Bond Law students Andrew Wallace, Natalie Lesco and Preksha Lukkhoo of Canada, and Amy Langley of Australia defeated Canada’s top law schools to win the moot, and also win the award for best facta.
Bond has established a strong track-record of individual and team successes since joining the event six years ago, but this is the first time that the Gold Coast-based, private, independent university has won the Wilson Moot.
Assistant Professor Lisa Bonin, Team Coach and Director of Bond’s Canadian Law Program said the students gained significant skills and experience by participating in the event.
“The Wilson Moot gives our Canadian students an opportunity to engage in Canadian advocacy and gain invaluable Canadian law experience. It also gives our Australian students the opportunity to engage with Canadian Constitutional Law at an elite level,” she said.
“None of our student team members had studied Canadian Constitutional Law before embarking on the moot, so they not only have to identify and address the complex, novel issues presented by the moot problem, they also have to learn Canadian Constitutional Law.”
The Wilson Moot was conceived in honour of the Honourable Justice Wilson who was an advocate for access to justice for those lacking power. Each year, the moot problem tackles difficult social-legal human rights issues under the Charter of Rights and Freedoms.
This year’s problem centred on access to fertility treatments and the equality and fundamental justice issues raised by a government program that provided both funded access to fertility treatments and also placed age-based restrictions on access to funded IVF.
“When it comes to mooting, you’re only as good as your preparation and training - and this team was dedicated and trained hard,” Assistant Professor Bonin said.

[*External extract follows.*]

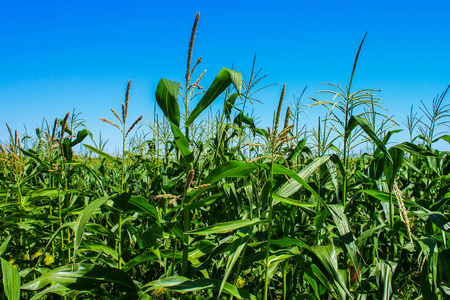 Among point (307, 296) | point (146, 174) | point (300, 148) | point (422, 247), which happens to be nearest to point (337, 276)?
point (307, 296)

“Just like in the real practice of law, you can never predict where a judge is going to take you, so when the students are standing up there making their submissions, it’s all on them to apply their knowledge - sometimes in new and novel ways.”
Bond Law student Natalie Lesco, from London, Ontario said the most important thing she gained from participating in the moot was an improved level of confidence.

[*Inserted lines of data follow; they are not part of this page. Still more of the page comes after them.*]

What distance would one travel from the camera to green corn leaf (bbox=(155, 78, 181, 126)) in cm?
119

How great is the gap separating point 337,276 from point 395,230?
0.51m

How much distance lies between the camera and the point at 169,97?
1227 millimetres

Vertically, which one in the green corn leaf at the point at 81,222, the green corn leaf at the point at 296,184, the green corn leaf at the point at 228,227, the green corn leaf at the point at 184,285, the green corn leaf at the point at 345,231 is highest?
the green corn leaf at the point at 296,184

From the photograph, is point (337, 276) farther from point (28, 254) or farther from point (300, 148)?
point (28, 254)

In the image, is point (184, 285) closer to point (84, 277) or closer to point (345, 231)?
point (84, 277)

“I also learnt that the best ideas are a result of tireless hours of brainstorming and are only ever solid after every angle has been considered,” she said.
“Having the opportunity to gain practical experience in both Australia and Canada is invaluable as a law student.

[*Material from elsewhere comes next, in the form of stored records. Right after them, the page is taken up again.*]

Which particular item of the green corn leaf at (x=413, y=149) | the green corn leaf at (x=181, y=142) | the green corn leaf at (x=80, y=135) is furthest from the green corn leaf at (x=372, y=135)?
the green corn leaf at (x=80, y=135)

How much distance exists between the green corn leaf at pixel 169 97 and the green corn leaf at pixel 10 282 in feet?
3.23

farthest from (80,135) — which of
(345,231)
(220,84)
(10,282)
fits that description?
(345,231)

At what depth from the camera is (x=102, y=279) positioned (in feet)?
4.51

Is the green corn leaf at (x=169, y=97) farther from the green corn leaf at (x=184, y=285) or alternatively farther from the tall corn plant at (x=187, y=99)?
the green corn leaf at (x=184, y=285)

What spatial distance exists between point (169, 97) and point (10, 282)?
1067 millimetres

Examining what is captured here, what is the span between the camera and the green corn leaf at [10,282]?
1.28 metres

“Mooting teaches students how to meticulously pick apart a case and apply the law in a way that extends far beyond the ordinary curriculum.”
Fellow mooting team member, Preksha Lukkhoo of Edmonton, Alberta, said the experience pushed her beyond what she thought she was capable of, mentally and physically.
“In addition to honing my research, writing and advocacy skills, I learned to operate outside my comfort zone and interact with industry professionals,” she said.
“I learned that the more I practiced and prepared, the more confidently I could advocate.
“Moots enable you to practice your skills in a competitive environment, but still allow you to learn and grow before starting your career as a law professional.”
Assistant Professor Bonin said the team could not have succeeded without the generous support provided to them by Bond’s Faculty of Law, its alumni network and the Canadian legal fraternity.
"A number of Bond Law academics and alumni provided mentoring, support, and feedback during our preparations on campus and through to the competition in Toronto, which speaks to the strength and depth of our advocacy skills training and Bond’s culture of mooting," she said.
"We were also incredibly fortunate to have lawyers from a number of Toronto law firms support our team by generously providing their time to judge practice moots for us."